--- Excerpted data ---

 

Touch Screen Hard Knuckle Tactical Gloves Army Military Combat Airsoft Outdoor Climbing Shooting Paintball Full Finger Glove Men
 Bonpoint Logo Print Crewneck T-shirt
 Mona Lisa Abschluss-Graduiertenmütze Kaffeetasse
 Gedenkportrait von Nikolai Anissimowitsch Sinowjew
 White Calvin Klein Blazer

---
--- Excerpted data ---

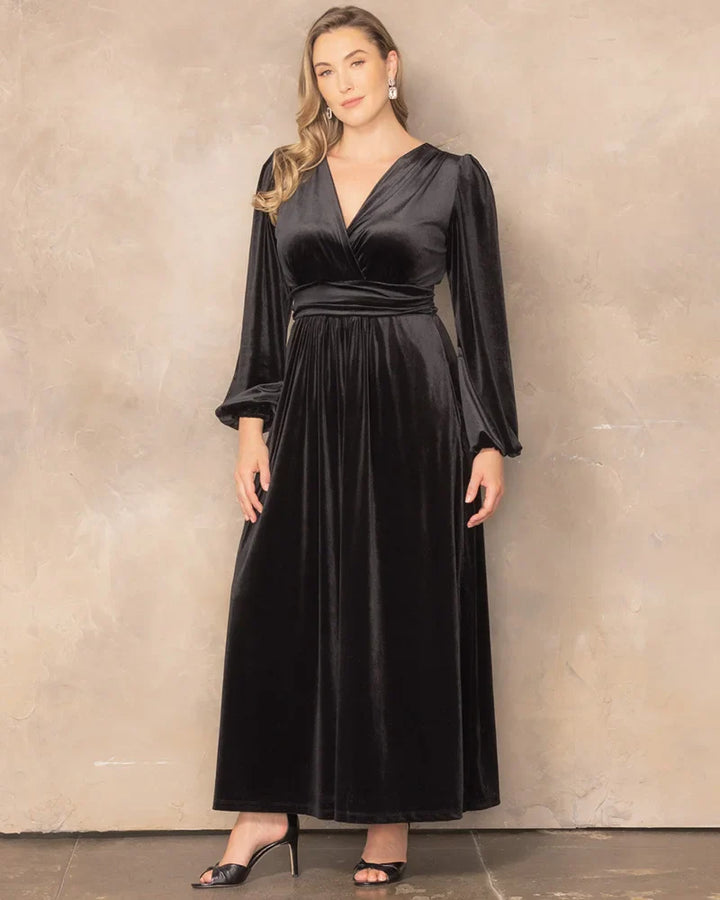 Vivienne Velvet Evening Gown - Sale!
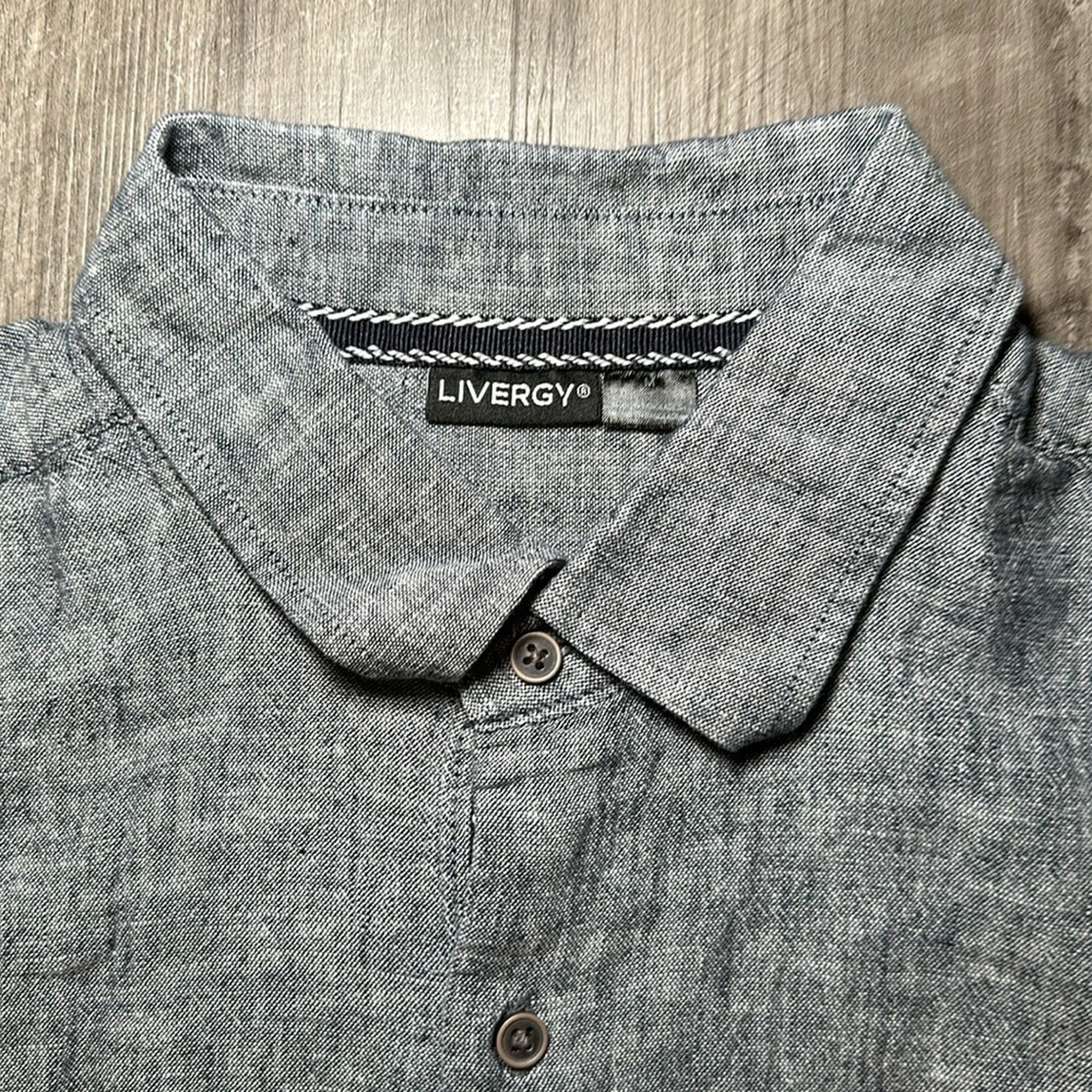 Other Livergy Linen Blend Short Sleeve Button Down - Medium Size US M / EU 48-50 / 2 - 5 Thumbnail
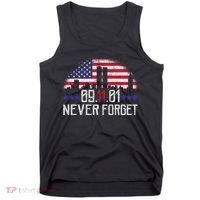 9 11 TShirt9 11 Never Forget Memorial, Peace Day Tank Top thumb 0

---
--- Excerpted data ---

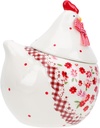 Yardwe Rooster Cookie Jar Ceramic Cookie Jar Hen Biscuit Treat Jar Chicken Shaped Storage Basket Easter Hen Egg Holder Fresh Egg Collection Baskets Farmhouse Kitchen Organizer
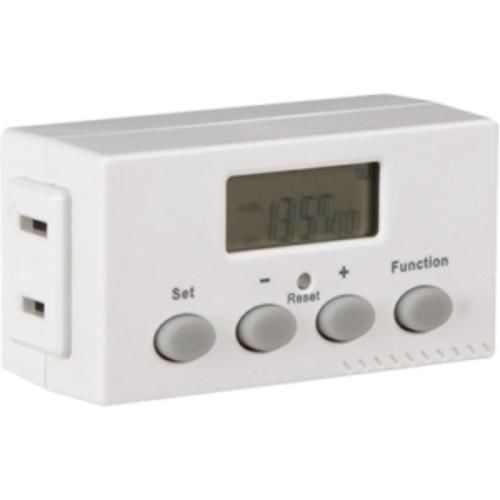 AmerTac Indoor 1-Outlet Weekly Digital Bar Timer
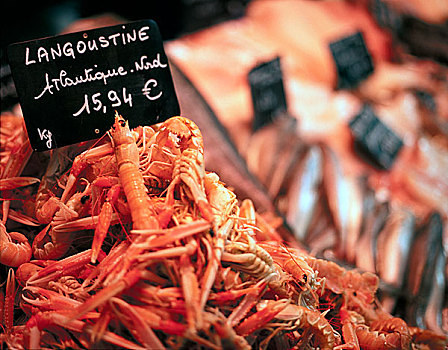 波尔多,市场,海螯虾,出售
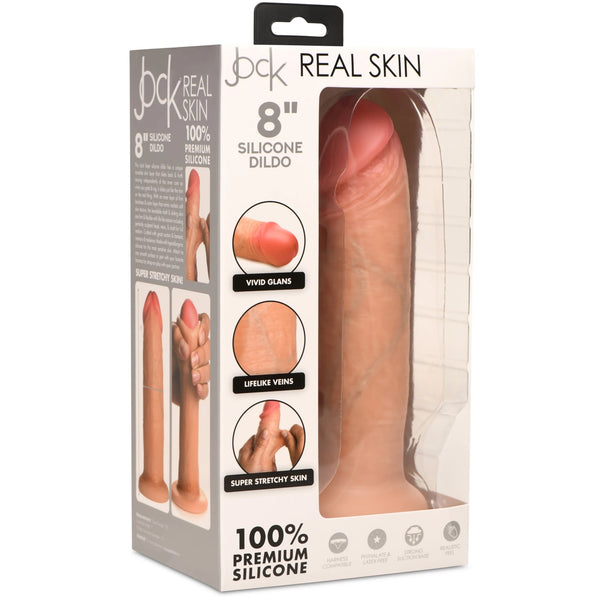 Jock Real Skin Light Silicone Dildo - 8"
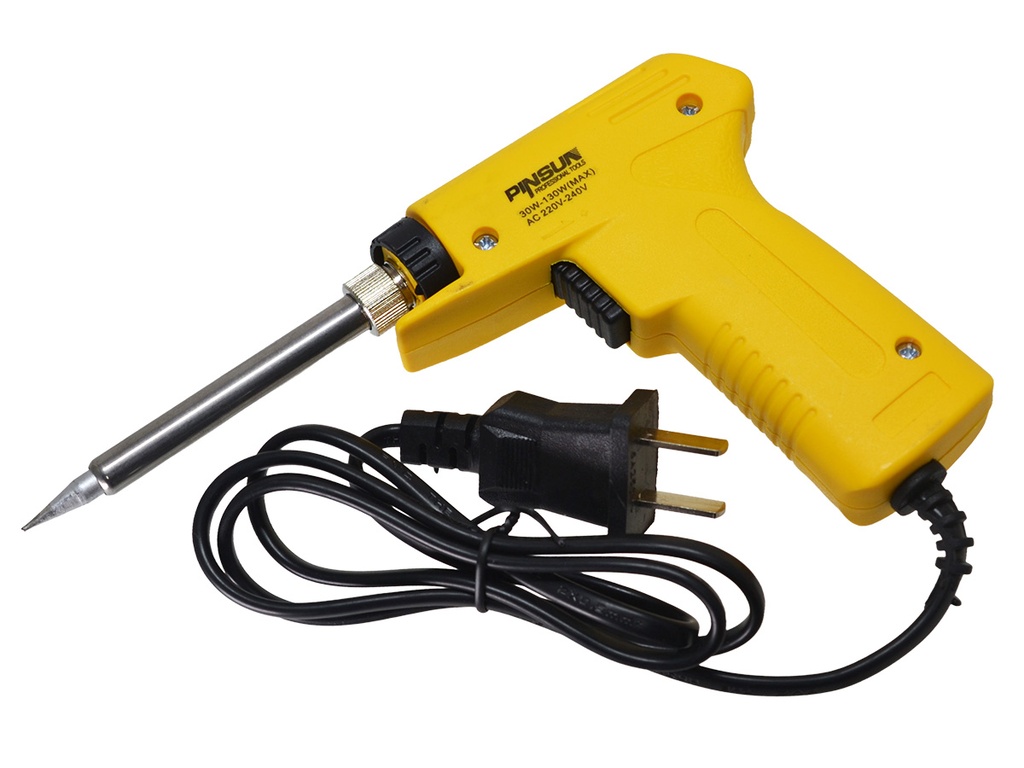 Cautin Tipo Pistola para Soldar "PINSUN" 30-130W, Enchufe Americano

---

#### What is expected
Copy only this from above: the line containing "Vivienne Velvet Evening Gown - Sale!", the line containing "9 11 TShirt9", and all lines between, printed exactly. Leave out the pictures.

#### Answer below
 Vivienne Velvet Evening Gown - Sale!
 Other Livergy Linen Blend Short Sleeve Button Down - Medium Size US M / EU 48-50 / 2 - 5 Thumbnail
 9 11 TShirt9 11 Never Forget Memorial, Peace Day Tank Top thumb 0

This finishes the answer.